Art Books
Mary Heilmann’s The All Night Movie
This book shows how connected many of her paintings are to specific moments, people, and places in her life.

The All Night Movie
(Primary Information, 2022)
Be forewarned—you will never approach Mary Heilmann’s paintings in quite the same way after reading The All Night Movie, in which the artist uses words and images to trace her life from her early years in California to her arrival at artistic maturity in New York in the early 1990s. (This facsimile reprint also includes a rather telegraphic essay by artist-critic Jutta Koether, as well as German translations of both Heilmann’s and Koether’s texts, reflecting the volume’s original occasion for a 1999 show at Hauser and Wirth’s Zurich gallery.) It’s not so much that learning new facts about Heilmann’s life and seeing countless snapshots from her archive will influence your image of the artist and her work—though this is certainly one consequence of the book—as it is the discovery (if you didn’t already know) of just how connected many of her paintings are to specific moments, people, and places in her life. The 1987 painting Rio Nido, for instance, was inspired by Heilmann’s memories of a childhood vacation at a working-class resort on the Russian River, which she lovingly evokes. A slightly later painting, The Glass Bottom Boat (1994), featuring brushy blocks of blue on a white ground, memorializes a Catalina Island boat ride the artist enjoyed at the age of seven. Less nostalgic but just as personal, her defiantly loud pink-and-black painting Save the Last Dance for Me (1979) was intended to celebrate her love for graphic designer Mark Magill—their affair didn’t last, but twenty years later he collaborated with Heilmann on the freewheeling layout of The All Night Movie. With bold colors and overlays, many of the spreads are designed to resemble Heilmann’s compositions, though the book also includes twenty pages of conventionally presented paintings and a 1999-era resume.

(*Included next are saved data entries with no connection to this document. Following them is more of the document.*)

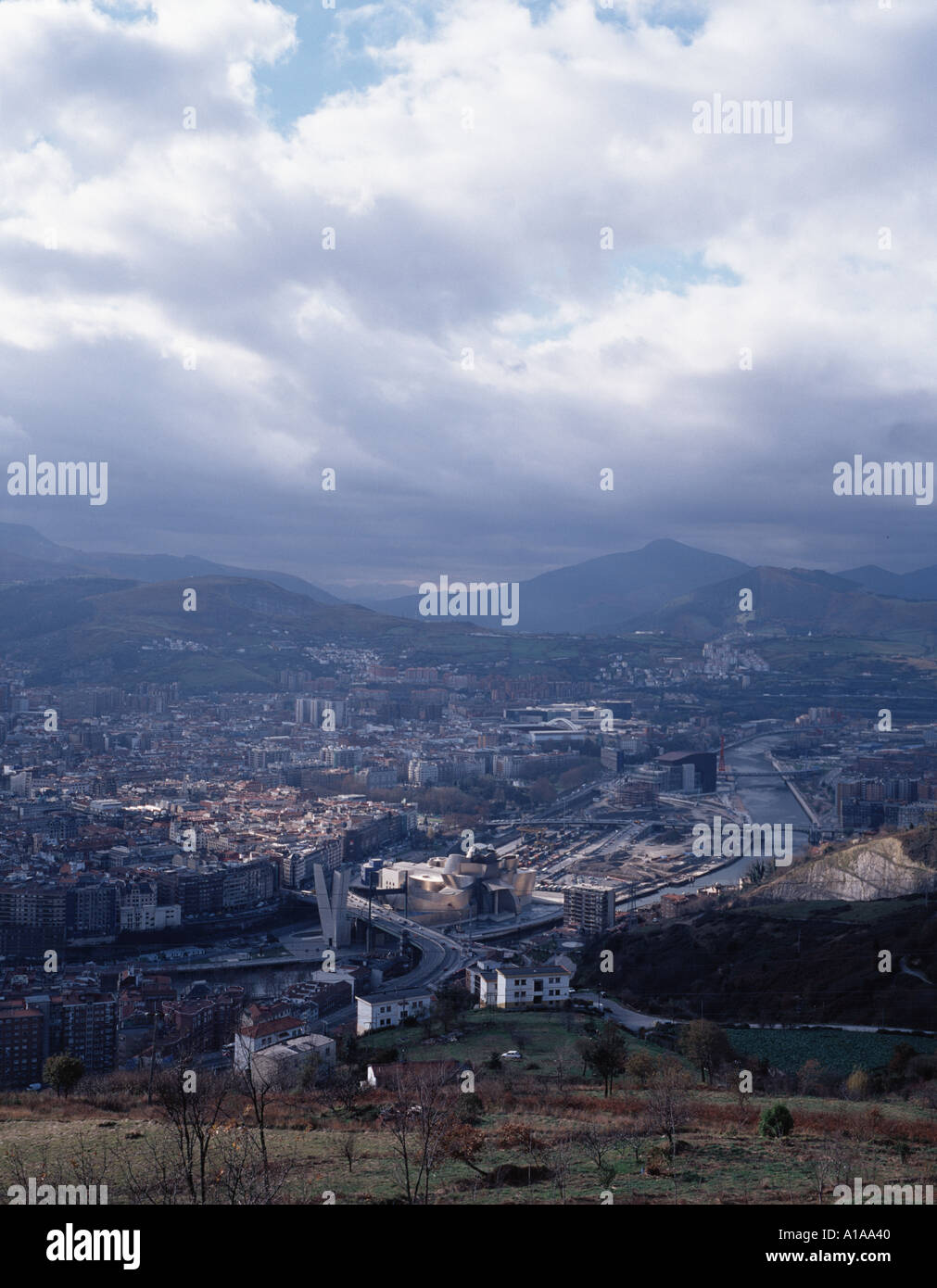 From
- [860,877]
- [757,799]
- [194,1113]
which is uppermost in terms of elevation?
[194,1113]

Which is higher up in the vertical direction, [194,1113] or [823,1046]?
[194,1113]

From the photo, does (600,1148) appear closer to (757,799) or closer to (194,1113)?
(194,1113)

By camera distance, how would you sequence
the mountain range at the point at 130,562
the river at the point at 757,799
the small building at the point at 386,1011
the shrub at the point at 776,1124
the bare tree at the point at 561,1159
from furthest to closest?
the mountain range at the point at 130,562 < the river at the point at 757,799 < the small building at the point at 386,1011 < the shrub at the point at 776,1124 < the bare tree at the point at 561,1159

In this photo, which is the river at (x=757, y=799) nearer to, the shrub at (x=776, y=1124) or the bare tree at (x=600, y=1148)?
the shrub at (x=776, y=1124)

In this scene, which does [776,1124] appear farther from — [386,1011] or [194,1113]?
[386,1011]

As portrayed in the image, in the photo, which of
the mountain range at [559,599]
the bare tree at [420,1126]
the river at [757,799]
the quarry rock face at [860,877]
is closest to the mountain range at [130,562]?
the mountain range at [559,599]

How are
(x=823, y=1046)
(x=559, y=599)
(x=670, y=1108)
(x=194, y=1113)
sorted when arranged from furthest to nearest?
(x=559, y=599) → (x=823, y=1046) → (x=670, y=1108) → (x=194, y=1113)

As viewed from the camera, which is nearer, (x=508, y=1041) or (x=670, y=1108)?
(x=670, y=1108)

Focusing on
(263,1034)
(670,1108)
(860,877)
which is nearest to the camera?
(670,1108)

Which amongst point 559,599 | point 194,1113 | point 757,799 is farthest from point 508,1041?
point 559,599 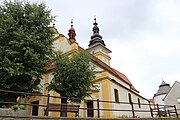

It took Heilmann years to arrive at the realization that, as she puts it, each of her paintings could “be seen as an autobiographical marker” meant to evoke moments from her past or, in some cases, her “projected future.” While Heilmann is by no means the first painter to conceive of her work in autobiographical terms, the historical discourse around her chosen mode—geometric abstraction, in her case loosely painted, with a preference for minimalist grid structures—is heavily formalist. The work that crystallized her embrace of the personal was The End (1978), a jarring red-and-yellow painting created after the deaths of her friends Gordon Matta-Clark and Norman Fisher: “I began to feel a need for more content in my work because of these events in my life. I was still working in a bright-colored, geometrical, nonimage way, but as I gazed at the work I began to see new meaning in it,” she writes, “I began to see that the choices in the work depended more on content for their meaning. It was the end of modernism and, though I hadn’t heard the news, the beginning of postmodernism.”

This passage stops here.